On October 29, the Government Accountability Office (GAO) testified on the progress made by the Transportation Security Administration (TSA) in areas mandated by the TSA Modernization Act.
The Act includes provisions intended to enhance security across a broad range of systems and further calls on GAO to review TSA’s progress in these areas. GAO’s testimony also highlighted areas for improvement:
International aviation security. In December 2017, GAO reported that TSA had taken steps to enhance its foreign airport assessments. Since that time, TSA has developed a tool to better track and address foreign airport vulnerabilites. In addition, TSA reviews security directives and emergency amendments it issues to address security concerns.
However, TSA’s review process does not fully define how to coordinate with industry representatives and it has not determined if it is appropriate to incorporate the security measures of many longstanding directives into air carrier security programs in accordance with TSA policy. In October 2019, GAO recommended, and TSA officals agreed, that TSA better define how to coordinate with air carriers when reviewing directives and when to incorporate directives into security programs.
Passenger screening rules. TSA develops screening rules by considering current intelligence and other factors to identify passengers who fall within the scope of the rules for enhanced screening. GAO found that TSA coordinates rules reviews through quarterly meetings and notifies an expanded set of DHS and TSA stakeholders of rule changes as called for by the Act.
TSA tracks some data on rule implementation but does not comprehensively measure rule effectiveness. In its draft report, GAO recommended that TSA explore additional data sources for measuring the effectiveness of its rules. TSA is currently reviewing this recommendation.
Aviation screening technologies. GAO found that TSA does not ensure that screening technologies continue to meet detection requirements after they have been deployed to airports. According to officials, the agency uses certification—a step in the test and evaluation process—to confirm that technologies meet detection requirements before they are deployed to airports, and calibration of the technologies to confirm that technologies are at least minimally operational while in use at airports. While these processes serve important purposes, performance can degrade over time. In its draft report, GAO recommended that TSA implement a process to ensure technologies continue to meet detection requirements after deployment. TSA is currently reviewing this recommendation.
Surface transportation pipeline security. In December 2018, GAO identified some weaknesses and made recommendations to strengthen TSA’s management of key aspects of its pipeline security program. For example, TSA does not have a strategic workforce plan to help ensure it identifies the skills and competencies—such as the required level of cybersecurity expertise—necessary to carry out its pipeline security responsibilities. GAO recommended, and TSA concurred, that TSA develop a strategic workforce plan. As of October 2019, TSA has not yet fully addressed this recommendation.

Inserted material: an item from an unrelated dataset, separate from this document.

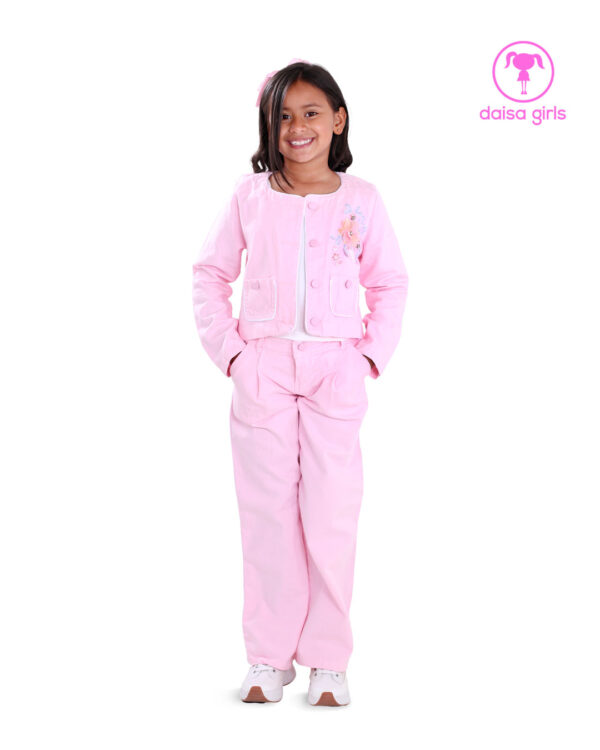 conjunto-apt-rigido-chaqueta-corta-escote-redondo-botones-bolsillos-pantalon-palazzo-flare-encauchado-pliegues-rosado-flor-ropa-para-nina-daisa-girls-bogota-colombia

The House Homeland Security Subcommittee on Transportation and Maritime Security held a hearing on the TSA Modernization Act following the publication of GAO’s report. During this hearing, it was stressed that the leadership gaps and “chaos” in DHS has had a heavy impact on TSA as Administrator Pekoske has been drafted in to support other DHS areas – a problem further compounded by McAleenan’s planned departure. President Trump is yet to select a successor despite a promise made two weeks ago. While McAleenan promised to work to ensure a smooth transition with his successor, he has been winding down his commitment to a role where he sees no future. At the Subcommittee hearing, TSA Acting Deputy Administrator Patricia Cogswell confirmed that she has taken on some of Pekoske’s duties but that the two work closely together to determine direction.
Of the Modernizaton Act, Cogswell told the hearing that 2019 was the “year of implementation” and that as of October 29, TSA had implemented more than 60% of the 180 requirements mandated by the act and 72% of those with specific deadlines.
The completed requirements include a global aviation security review, the creation of an air cargo division, establishing a surface transportation advisory committee, initiating a pilot program to test CT technology for air cargo applications, and executing an automated exit lane technology pilot program.
Looking ahead, Cogswell said TSA is planning a roadmap for mitigating insider risk for all modes of transportation, as well as fulfilling the remaining requirements from the Act.